[AIM OF THE TASK]
Nothing below is to be printed except the lines between the line holding "Зенкер конический, легированная" and the line holding "Black Stripped circle", inclusive, each exactly as it appears.

[INFORMATION]

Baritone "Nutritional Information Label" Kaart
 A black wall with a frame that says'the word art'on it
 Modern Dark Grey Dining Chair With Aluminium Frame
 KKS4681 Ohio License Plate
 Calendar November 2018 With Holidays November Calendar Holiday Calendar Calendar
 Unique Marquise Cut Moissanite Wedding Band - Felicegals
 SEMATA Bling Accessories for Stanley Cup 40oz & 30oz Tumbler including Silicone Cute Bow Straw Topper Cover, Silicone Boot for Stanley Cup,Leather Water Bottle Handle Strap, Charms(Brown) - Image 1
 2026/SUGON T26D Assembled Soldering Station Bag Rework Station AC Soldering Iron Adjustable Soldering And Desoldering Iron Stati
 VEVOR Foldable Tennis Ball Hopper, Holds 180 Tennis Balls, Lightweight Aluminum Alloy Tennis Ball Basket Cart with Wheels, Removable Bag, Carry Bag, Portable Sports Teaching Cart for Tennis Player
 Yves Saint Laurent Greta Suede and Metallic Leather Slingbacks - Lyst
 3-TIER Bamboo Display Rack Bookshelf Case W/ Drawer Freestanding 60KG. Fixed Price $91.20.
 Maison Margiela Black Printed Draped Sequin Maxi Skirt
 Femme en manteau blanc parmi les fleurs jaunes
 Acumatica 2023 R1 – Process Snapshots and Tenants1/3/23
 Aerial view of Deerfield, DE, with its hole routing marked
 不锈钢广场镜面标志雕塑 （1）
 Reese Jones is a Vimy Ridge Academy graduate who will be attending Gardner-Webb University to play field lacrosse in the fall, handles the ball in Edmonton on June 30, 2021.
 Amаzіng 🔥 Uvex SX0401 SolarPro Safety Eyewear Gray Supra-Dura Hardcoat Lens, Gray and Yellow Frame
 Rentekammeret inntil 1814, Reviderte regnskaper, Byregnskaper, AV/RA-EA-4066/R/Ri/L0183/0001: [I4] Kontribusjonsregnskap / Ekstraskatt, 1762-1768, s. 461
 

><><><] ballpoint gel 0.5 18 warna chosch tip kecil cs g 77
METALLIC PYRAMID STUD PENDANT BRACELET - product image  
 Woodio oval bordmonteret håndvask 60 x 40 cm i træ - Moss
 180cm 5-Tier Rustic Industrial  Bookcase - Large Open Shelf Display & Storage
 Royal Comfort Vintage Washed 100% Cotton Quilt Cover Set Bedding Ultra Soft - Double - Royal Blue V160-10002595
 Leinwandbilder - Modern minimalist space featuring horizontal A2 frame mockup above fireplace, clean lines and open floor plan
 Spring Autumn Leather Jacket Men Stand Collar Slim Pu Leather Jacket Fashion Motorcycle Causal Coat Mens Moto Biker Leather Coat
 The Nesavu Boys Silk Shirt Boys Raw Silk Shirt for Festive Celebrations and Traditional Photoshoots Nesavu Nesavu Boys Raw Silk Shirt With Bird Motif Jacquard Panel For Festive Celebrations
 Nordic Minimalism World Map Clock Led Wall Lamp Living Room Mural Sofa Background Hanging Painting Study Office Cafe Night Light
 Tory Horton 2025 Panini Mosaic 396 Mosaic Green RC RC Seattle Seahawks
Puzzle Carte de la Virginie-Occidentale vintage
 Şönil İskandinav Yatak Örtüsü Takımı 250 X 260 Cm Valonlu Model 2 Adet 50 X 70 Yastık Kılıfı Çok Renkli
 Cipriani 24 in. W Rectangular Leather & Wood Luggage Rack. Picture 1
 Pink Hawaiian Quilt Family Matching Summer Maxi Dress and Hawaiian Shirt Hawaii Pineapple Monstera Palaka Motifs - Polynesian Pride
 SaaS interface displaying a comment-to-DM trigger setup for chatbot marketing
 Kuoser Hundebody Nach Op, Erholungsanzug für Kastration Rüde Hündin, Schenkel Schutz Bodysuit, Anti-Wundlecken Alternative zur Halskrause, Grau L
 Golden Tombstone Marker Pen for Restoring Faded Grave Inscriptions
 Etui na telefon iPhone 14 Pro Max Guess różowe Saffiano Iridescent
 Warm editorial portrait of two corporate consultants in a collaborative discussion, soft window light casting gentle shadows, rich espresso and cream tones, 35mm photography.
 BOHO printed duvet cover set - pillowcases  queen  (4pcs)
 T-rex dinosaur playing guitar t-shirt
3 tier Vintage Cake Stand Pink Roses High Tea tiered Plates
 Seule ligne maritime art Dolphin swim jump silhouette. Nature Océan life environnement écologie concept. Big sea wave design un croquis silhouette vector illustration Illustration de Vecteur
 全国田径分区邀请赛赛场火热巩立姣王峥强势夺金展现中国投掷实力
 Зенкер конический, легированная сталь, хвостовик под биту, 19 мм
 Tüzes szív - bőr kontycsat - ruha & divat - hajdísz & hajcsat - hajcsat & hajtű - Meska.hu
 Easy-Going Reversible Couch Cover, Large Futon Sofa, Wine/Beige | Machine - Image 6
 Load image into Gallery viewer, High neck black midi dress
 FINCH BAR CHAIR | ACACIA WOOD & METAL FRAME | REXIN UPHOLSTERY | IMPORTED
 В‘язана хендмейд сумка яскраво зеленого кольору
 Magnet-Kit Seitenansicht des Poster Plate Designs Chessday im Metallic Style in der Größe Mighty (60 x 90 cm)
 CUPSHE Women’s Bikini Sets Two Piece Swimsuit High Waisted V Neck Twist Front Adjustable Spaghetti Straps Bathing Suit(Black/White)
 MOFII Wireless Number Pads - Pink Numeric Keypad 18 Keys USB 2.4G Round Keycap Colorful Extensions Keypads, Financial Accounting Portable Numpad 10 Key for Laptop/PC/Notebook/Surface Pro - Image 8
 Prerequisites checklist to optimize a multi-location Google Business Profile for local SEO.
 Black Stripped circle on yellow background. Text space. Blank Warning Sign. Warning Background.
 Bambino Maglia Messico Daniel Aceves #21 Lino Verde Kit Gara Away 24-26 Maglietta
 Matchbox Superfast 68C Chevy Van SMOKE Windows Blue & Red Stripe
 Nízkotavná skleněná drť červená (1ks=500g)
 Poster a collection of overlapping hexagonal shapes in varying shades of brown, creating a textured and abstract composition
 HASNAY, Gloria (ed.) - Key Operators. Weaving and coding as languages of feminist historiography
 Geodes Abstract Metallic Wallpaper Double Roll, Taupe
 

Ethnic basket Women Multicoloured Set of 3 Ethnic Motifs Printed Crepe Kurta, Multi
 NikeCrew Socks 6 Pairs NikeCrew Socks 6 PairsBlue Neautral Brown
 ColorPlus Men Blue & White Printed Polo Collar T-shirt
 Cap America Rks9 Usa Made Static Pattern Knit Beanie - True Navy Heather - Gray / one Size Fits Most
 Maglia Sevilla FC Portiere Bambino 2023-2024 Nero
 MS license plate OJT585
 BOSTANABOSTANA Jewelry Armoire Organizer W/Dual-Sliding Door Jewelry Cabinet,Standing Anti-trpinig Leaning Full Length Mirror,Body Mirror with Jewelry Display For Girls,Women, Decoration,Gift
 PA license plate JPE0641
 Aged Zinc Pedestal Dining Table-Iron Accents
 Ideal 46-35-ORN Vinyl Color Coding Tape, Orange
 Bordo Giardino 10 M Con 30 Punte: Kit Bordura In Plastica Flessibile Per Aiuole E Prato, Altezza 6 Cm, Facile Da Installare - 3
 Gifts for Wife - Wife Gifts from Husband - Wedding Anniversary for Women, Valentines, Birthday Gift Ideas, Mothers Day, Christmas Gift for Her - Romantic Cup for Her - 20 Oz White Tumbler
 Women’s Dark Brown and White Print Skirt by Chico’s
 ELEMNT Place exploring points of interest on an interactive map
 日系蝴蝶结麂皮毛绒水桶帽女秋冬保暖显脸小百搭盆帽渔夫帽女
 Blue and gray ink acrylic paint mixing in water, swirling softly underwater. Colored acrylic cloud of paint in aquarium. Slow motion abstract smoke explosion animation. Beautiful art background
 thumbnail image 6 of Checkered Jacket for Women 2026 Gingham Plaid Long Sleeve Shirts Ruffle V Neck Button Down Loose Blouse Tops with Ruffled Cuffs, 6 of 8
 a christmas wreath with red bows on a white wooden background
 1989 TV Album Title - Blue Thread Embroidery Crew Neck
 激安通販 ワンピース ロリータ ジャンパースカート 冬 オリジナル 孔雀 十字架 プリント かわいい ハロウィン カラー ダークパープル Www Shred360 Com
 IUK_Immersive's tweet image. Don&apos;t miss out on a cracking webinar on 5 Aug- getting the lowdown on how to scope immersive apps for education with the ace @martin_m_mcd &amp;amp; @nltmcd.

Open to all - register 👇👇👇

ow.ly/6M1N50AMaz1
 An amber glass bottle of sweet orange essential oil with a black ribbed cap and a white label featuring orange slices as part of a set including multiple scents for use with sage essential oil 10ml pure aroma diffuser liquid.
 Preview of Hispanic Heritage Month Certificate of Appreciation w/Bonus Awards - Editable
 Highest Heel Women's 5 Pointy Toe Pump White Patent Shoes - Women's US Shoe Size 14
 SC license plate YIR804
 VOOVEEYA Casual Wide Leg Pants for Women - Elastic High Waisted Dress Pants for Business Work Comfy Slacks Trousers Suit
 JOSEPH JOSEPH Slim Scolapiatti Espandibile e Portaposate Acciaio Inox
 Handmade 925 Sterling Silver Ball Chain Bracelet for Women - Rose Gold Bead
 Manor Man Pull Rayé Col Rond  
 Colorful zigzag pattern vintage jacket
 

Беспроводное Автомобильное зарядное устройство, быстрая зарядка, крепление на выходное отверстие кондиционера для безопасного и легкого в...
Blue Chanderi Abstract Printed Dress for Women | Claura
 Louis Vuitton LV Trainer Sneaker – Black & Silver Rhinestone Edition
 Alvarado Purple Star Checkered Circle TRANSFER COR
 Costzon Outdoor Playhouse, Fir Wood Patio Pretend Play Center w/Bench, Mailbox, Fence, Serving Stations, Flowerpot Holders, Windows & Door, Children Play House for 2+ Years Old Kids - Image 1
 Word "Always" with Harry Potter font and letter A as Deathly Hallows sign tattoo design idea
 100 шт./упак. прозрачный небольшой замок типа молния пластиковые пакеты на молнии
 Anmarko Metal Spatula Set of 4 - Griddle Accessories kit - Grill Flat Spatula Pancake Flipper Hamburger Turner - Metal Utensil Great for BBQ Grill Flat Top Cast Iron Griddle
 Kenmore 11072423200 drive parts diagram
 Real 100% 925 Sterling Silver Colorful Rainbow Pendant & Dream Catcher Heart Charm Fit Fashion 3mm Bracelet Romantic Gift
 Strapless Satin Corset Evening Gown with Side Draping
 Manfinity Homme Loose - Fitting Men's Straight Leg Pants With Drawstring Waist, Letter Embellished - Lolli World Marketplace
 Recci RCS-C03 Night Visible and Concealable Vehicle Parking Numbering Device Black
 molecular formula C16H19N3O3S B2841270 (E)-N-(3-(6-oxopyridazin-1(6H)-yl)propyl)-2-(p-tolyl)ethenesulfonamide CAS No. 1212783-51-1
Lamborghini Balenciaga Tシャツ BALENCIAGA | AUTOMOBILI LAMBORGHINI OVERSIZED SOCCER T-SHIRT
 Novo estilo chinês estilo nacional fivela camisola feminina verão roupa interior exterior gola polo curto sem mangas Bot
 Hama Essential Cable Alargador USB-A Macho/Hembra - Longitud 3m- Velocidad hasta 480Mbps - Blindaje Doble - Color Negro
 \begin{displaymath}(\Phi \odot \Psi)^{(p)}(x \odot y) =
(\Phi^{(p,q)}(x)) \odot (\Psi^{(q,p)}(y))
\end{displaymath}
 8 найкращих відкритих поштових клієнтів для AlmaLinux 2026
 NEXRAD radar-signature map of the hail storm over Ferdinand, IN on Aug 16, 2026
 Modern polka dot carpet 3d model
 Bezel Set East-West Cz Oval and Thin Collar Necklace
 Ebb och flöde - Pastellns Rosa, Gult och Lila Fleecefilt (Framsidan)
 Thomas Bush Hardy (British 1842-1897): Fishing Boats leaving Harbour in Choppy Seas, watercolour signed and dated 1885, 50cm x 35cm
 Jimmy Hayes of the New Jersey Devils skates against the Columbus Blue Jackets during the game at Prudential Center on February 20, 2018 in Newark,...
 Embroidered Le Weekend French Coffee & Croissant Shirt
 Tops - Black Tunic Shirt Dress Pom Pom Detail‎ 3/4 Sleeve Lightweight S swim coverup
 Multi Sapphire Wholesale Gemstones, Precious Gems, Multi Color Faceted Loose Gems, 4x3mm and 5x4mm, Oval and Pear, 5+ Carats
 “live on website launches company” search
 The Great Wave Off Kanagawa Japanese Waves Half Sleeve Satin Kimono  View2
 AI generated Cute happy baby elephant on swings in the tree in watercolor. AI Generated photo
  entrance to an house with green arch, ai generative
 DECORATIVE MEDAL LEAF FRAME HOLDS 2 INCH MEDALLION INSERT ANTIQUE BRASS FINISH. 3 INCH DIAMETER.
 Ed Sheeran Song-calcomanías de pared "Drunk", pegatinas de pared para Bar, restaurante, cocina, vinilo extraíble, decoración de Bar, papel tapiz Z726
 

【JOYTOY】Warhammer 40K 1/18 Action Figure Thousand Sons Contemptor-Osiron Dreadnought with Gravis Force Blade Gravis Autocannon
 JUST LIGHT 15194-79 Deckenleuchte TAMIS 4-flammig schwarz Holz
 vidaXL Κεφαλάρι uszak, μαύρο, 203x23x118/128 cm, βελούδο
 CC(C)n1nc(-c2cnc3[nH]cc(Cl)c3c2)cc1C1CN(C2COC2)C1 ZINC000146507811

[WRITTEN ANSWER]
 Зенкер конический, легированная сталь, хвостовик под биту, 19 мм
 Tüzes szív - bőr kontycsat - ruha & divat - hajdísz & hajcsat - hajcsat & hajtű - Meska.hu
 Easy-Going Reversible Couch Cover, Large Futon Sofa, Wine/Beige | Machine - Image 6
 Load image into Gallery viewer, High neck black midi dress
 FINCH BAR CHAIR | ACACIA WOOD & METAL FRAME | REXIN UPHOLSTERY | IMPORTED
 В‘язана хендмейд сумка яскраво зеленого кольору
 Magnet-Kit Seitenansicht des Poster Plate Designs Chessday im Metallic Style in der Größe Mighty (60 x 90 cm)
 CUPSHE Women’s Bikini Sets Two Piece Swimsuit High Waisted V Neck Twist Front Adjustable Spaghetti Straps Bathing Suit(Black/White)
 MOFII Wireless Number Pads - Pink Numeric Keypad 18 Keys USB 2.4G Round Keycap Colorful Extensions Keypads, Financial Accounting Portable Numpad 10 Key for Laptop/PC/Notebook/Surface Pro - Image 8
 Prerequisites checklist to optimize a multi-location Google Business Profile for local SEO.
 Black Stripped circle on yellow background. Text space. Blank Warning Sign. Warning Background.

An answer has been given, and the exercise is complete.